- **Entries provided**:
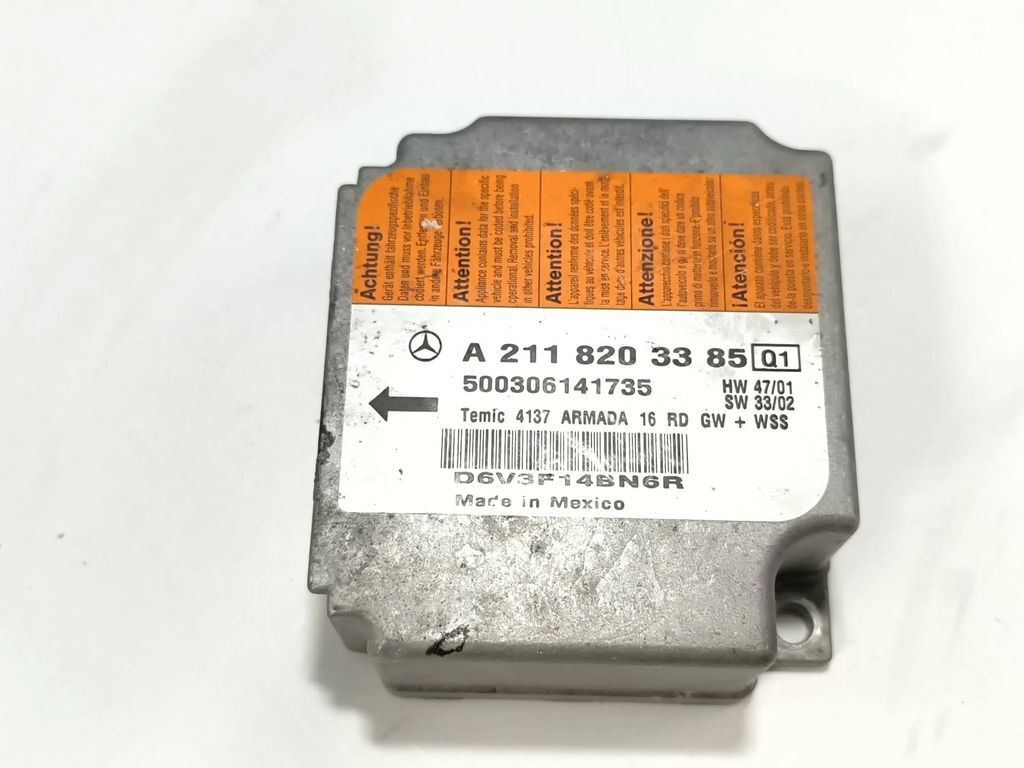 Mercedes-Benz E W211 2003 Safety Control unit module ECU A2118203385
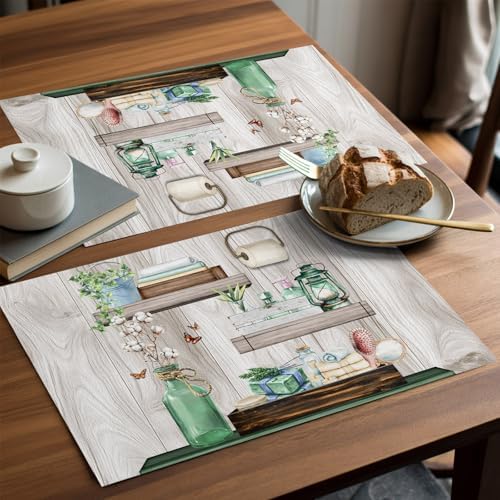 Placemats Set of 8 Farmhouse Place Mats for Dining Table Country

--

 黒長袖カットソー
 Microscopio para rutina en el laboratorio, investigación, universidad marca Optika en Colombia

...

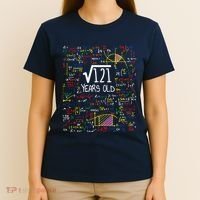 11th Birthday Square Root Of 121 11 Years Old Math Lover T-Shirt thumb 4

- **Exercise instructions**:
In the listing above, find the line containing "Mercedes-Benz E W211" and the line containing "Placemats Set of", then write out both of them and every line between, exactly, with no pictures.

- **Answer below**:
 Mercedes-Benz E W211 2003 Safety Control unit module ECU A2118203385
 Placemats Set of 8 Farmhouse Place Mats for Dining Table Country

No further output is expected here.